つなぐしくみ申請 H19年12月 |
多くの水生生物は光に対して一定の反応を示すため、その反応を利用して光条件の調整により装置内で飼育している生物の行動を制御することができる。本技術はイセエビの幼生のように体の構造が繊細で傷つきやすく、水質環境悪化のストレスにも弱い生物を飼育する場合にも、水槽の管理を効率的に行うことができるため、安定的な大量飼育に結びつくことが期待できる。水槽の管理に関する既存の技術として、自動掃除機などがあるが、本技術のような脆弱な生物に対して光に対する反応を積極的に利用した飼育装置は見当たらない。

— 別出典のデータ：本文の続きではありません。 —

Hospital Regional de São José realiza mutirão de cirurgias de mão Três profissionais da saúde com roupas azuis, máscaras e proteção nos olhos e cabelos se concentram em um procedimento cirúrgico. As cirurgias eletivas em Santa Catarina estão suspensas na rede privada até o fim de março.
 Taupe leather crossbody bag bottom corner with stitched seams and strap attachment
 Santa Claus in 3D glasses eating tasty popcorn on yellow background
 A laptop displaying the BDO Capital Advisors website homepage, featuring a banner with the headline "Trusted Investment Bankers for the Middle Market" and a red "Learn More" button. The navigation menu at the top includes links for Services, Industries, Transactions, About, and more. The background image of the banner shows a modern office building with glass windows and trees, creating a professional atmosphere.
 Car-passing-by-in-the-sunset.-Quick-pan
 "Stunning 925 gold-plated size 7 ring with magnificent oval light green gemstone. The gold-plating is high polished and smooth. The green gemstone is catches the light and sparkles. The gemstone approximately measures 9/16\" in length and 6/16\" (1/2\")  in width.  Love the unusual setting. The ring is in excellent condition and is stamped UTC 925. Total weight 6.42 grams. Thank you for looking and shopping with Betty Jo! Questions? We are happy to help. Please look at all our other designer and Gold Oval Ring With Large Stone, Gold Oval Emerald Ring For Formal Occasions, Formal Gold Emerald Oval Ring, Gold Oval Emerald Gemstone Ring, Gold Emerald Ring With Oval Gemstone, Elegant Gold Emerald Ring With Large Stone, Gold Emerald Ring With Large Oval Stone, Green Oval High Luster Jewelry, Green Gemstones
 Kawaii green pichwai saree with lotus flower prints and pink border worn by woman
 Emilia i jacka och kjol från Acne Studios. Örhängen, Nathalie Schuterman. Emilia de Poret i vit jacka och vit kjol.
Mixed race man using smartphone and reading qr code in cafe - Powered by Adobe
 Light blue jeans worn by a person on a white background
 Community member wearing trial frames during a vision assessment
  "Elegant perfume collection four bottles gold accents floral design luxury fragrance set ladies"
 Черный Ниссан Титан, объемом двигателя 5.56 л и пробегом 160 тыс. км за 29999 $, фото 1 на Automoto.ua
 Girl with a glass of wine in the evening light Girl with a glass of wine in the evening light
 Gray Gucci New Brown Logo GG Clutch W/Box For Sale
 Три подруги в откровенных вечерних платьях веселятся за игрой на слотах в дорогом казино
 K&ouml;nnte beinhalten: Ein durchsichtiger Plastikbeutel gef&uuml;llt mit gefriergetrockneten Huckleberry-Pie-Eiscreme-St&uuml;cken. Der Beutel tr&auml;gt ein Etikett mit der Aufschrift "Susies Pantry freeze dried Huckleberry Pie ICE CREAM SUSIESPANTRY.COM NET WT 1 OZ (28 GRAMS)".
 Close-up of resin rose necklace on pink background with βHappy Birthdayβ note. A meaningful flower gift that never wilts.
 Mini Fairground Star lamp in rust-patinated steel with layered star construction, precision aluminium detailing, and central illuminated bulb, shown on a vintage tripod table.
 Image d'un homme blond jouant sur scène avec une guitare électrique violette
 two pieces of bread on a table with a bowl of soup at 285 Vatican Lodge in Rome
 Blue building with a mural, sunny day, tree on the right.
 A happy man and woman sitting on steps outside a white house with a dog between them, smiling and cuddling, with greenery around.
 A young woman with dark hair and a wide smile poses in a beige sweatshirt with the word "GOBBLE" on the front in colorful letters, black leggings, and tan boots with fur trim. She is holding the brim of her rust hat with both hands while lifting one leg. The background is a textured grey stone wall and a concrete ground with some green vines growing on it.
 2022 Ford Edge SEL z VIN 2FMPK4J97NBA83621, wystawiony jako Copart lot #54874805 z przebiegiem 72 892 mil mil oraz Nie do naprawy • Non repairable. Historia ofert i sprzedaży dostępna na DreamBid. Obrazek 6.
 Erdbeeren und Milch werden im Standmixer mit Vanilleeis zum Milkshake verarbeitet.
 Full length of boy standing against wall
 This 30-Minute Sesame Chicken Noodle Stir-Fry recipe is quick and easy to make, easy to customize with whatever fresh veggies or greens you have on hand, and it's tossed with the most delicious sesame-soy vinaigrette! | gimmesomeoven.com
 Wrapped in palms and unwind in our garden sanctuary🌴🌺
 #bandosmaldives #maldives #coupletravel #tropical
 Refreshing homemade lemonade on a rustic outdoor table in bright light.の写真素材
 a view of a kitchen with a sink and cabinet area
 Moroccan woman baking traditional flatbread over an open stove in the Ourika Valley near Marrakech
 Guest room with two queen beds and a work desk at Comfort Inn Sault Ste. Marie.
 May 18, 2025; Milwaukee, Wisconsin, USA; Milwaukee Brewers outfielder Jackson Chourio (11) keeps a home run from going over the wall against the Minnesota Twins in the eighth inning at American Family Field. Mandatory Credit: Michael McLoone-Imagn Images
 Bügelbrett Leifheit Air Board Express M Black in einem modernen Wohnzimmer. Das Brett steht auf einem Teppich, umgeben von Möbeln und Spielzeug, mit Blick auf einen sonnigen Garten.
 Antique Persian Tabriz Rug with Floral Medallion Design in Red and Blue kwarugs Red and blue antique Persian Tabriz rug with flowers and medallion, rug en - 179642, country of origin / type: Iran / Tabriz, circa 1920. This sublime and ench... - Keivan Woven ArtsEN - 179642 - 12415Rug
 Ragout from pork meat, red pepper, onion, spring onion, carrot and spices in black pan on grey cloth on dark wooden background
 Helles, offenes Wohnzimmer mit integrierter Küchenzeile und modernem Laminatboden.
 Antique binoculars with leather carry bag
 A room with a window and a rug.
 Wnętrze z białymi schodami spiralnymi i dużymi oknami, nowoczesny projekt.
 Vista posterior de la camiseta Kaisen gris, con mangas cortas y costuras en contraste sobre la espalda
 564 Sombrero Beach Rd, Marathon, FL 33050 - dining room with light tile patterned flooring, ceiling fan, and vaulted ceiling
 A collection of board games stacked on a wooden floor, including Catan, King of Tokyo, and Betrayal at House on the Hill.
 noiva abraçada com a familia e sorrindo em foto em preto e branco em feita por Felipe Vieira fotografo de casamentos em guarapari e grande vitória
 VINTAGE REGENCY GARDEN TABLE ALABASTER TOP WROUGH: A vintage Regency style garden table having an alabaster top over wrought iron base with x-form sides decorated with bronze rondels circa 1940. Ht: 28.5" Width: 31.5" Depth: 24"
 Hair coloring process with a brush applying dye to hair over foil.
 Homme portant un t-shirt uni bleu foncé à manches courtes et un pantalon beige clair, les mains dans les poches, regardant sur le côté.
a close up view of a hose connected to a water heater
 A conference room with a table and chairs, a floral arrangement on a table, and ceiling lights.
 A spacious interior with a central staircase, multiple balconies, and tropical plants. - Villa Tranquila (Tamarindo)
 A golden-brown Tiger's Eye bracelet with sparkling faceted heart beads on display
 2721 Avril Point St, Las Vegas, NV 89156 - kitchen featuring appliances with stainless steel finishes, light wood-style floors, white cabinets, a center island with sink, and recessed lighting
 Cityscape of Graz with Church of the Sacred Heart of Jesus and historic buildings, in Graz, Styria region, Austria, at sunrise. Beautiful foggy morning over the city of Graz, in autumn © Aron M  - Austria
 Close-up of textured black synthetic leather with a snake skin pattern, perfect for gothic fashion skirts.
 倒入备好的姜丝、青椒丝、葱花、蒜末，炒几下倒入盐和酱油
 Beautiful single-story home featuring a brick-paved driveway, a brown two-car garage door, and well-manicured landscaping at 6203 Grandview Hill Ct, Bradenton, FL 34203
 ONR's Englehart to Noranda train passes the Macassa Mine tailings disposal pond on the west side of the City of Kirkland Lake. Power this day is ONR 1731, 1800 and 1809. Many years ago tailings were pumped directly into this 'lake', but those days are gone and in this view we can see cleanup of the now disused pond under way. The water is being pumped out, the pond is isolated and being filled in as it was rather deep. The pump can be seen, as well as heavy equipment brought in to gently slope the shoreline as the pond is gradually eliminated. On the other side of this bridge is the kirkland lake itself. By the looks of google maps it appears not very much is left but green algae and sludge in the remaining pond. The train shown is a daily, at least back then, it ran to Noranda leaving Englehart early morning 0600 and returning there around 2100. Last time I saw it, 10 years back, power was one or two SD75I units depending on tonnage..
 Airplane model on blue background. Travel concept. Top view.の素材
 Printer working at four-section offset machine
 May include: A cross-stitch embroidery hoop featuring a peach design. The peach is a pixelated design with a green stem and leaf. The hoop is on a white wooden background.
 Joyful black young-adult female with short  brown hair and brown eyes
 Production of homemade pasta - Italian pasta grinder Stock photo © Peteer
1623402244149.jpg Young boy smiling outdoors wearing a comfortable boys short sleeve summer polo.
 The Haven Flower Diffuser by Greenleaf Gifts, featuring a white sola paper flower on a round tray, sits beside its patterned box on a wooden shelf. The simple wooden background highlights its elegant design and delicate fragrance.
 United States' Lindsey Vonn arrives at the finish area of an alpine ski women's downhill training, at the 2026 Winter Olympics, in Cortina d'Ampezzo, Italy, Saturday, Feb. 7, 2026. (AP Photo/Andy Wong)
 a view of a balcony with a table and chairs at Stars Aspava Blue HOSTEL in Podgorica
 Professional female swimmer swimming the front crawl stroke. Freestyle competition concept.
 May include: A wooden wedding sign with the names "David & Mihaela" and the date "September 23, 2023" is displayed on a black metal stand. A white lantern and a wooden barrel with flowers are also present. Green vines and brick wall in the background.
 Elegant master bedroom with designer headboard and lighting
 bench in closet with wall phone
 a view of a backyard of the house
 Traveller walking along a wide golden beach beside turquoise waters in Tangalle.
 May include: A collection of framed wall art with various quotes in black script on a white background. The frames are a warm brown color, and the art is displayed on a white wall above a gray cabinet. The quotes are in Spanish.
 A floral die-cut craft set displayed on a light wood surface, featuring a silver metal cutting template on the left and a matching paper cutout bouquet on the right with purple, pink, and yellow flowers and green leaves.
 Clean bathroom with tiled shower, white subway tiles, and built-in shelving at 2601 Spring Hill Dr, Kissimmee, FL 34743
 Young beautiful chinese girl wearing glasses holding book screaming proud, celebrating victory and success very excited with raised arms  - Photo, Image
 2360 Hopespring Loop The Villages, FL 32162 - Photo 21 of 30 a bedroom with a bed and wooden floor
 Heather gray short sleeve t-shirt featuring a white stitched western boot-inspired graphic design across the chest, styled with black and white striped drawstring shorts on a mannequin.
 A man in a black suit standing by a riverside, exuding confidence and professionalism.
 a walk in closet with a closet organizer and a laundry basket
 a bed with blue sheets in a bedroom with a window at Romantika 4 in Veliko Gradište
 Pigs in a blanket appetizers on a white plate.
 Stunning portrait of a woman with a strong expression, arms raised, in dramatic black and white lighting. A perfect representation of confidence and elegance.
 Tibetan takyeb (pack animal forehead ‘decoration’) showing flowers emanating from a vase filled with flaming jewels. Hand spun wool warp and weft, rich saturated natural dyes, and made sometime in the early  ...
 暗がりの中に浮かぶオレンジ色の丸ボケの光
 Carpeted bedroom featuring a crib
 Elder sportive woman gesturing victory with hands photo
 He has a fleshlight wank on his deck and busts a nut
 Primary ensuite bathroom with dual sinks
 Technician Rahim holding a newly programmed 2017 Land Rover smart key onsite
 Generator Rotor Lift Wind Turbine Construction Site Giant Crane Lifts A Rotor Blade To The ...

水生生物の光に対する反応の基本的なデータは採取していたが、特許申請している飼育装置を効果的に用いるためには、飼育を行うそれぞれの生物について光に対する反応条件をあらかじめ調査しておくことが必要となる。また、装置内の水流や生物の生理状態も生物の反応に影響を及ぼす要因となるため、生物を任意の方向へ移動させるためにはこれらの好適な条件を明らかにしておくことが重要である。対象とするイセエビ幼生の飼育への当装置の導入を可能とするためには基礎的データの集積が十分でなく、光に対する幼生の反応や幼生の遊泳力に関するデータ採取が必要であった。そこで、本技術が想定している市場調査および、ライセンス先企業の探索、および開発支援を希望して「つなぐしくみ」への応募があった。
「目利きレポート」で本技術に関連した特許調査、市場調査を行い有用性の高いことを示し、実用化を促進するために「つなぐしくみ」で提供するデータ補完費により、実験検証を行った結果、イセエビ幼生フィロソーマが特定波長の光に効果的に反応することは得られたが、個体差が大きいことも判った。特に栄養状態で光反応に個体差が出る可能性があり、今後給餌条件を変えた試験を進める必要性があり検討を進めている。また、本開発により得られた知見は他の水生生物の調査にも有効に利用出来るものであり、「テクニカルアイ」にて技術をWebで公開した。
実用化に向けたデータの取得。
水生生物の飼育時における光環境制御の重要性が高まっており、今回得られたデータを活用し、光による行動制御技術を更に確実なものとして、飼育成績の向上に努めたいと考えています。